――そうした新たなビジョンのもと、実際に着手しているプロジェクトはありますか。
詳細はまだ言えませんが、あるコミュニティーと組んだプロジェクトが進行中です。一言で言えばまちづくり、まさに日経デジタルヘルスが提唱している「ソーシャルホスピタル」のイメージです。我々にとってソーシャルホスピタルは目指すところでもあります。この他にも取り組んでいるプロジェクトは多数あり、2017年中にはいくつか発表できる予定です。
繰り返しになりますが、日本はこうした先進的な取り組みが世界に先駆けてできるマーケットであり、なおかつやらなくてはならない国でもあるのです。
それに向けて、プレーヤー同士をつなげるだけなら他の企業もできるでしょう。しかし、すべてを俯瞰できるプレーヤーは限られています。その点、我々は幅広い視点を持っています。
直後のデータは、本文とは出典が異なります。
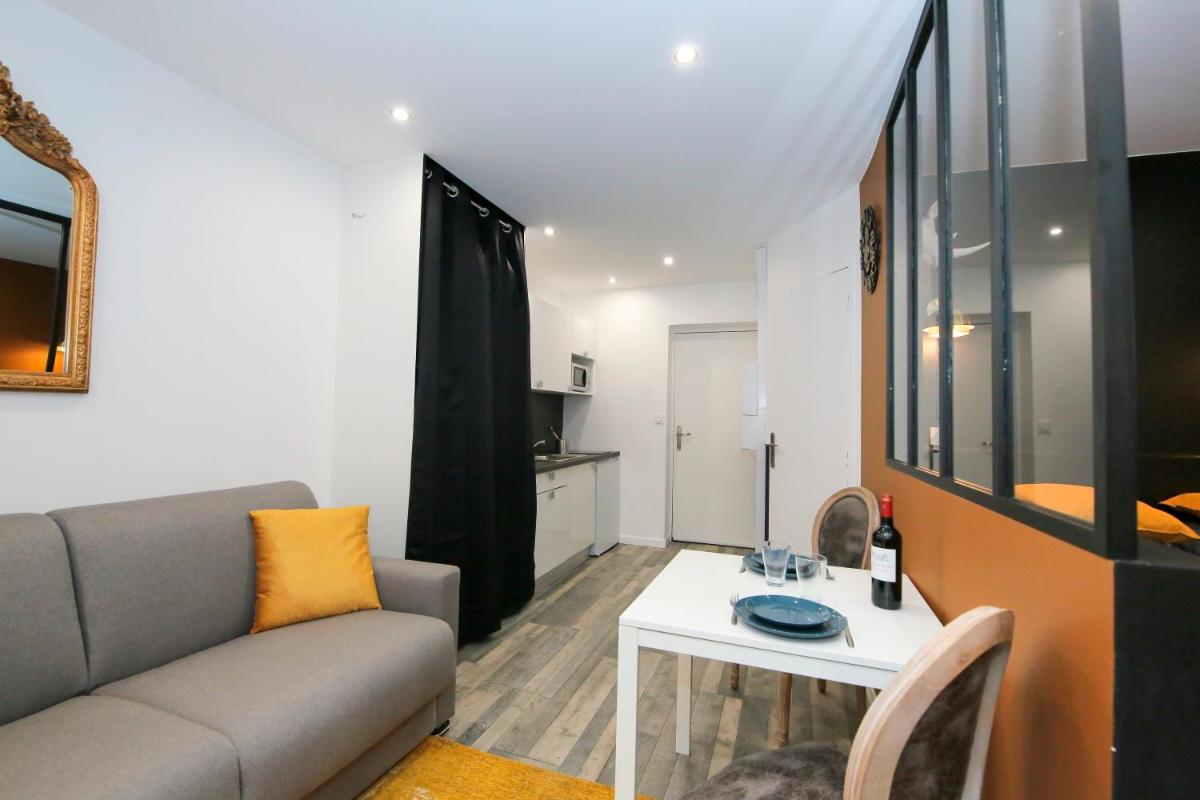 Suitetrails - Le Rhinocéros, T1 hypercentre chic et cosy, Wifi par SOVALFI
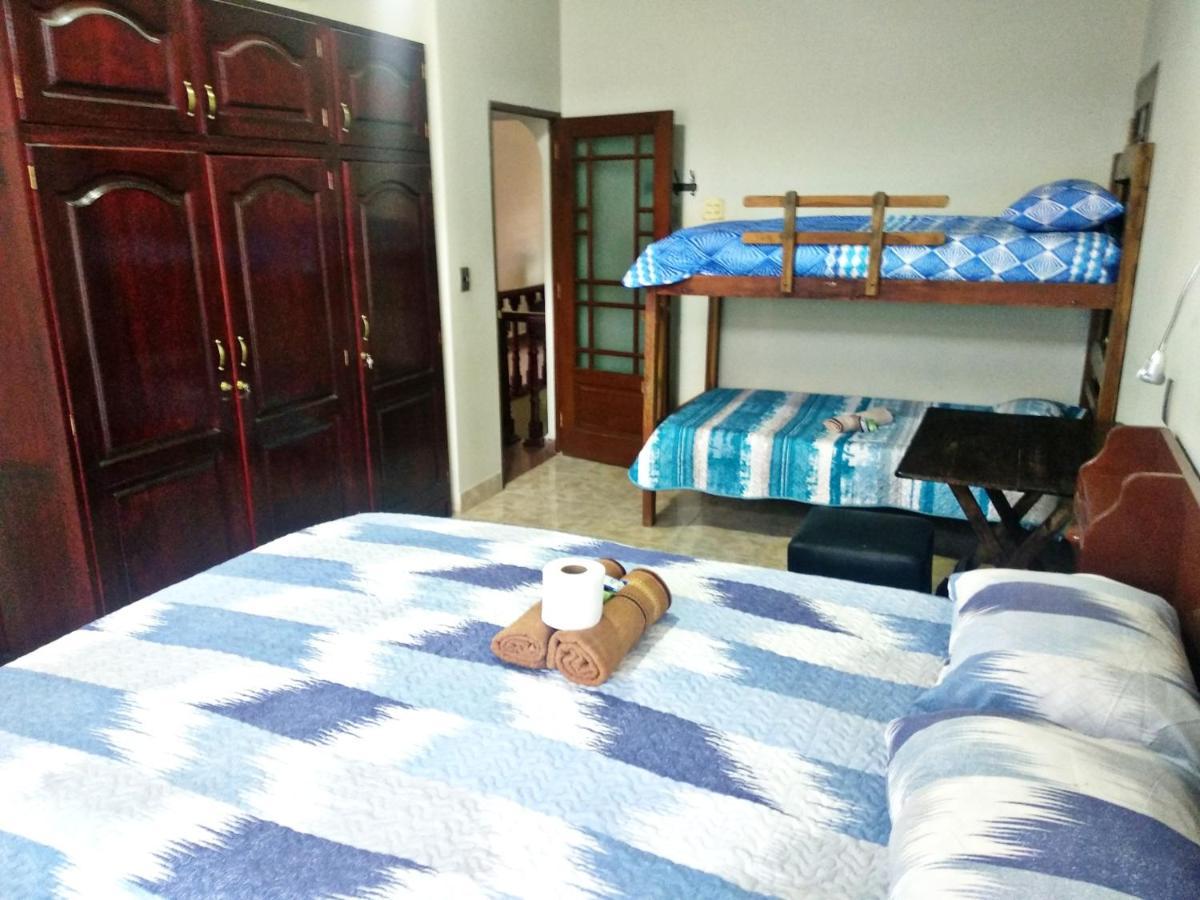 Bed and Breakfast Residencial Moroni - Alojamiento En Кочабамба Екстер'єр фото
画像診断医や看護師などが使う機器やアプリを提供しながら、一方では電動歯ブラシなどで生活習慣をフォローする。やがては、ショッピングやマイナンバーに関連したアプリやサービスも入るかもしれない――それだけの展開を考えているのです。
――壮大なプランですね。
今後は皆さんが驚く企業になると思いますよ。私の感覚としては、“びっくり箱”を作っているようなもの。「あれ、フィリップスってこんなことやっていたっけ?」と思ってもらえれば、しめたものです。
しかしその驚きがいずれは日常化して、皆さんの利益に必ずつながるはずです。そうしたソリューションを我々は事業化し、社会に貢献しながら取り組んでいくのがミッションだと考えています。誰か特定の人だけにメリットがあるソリューションでは意味がありません。それでは長続きしませんから。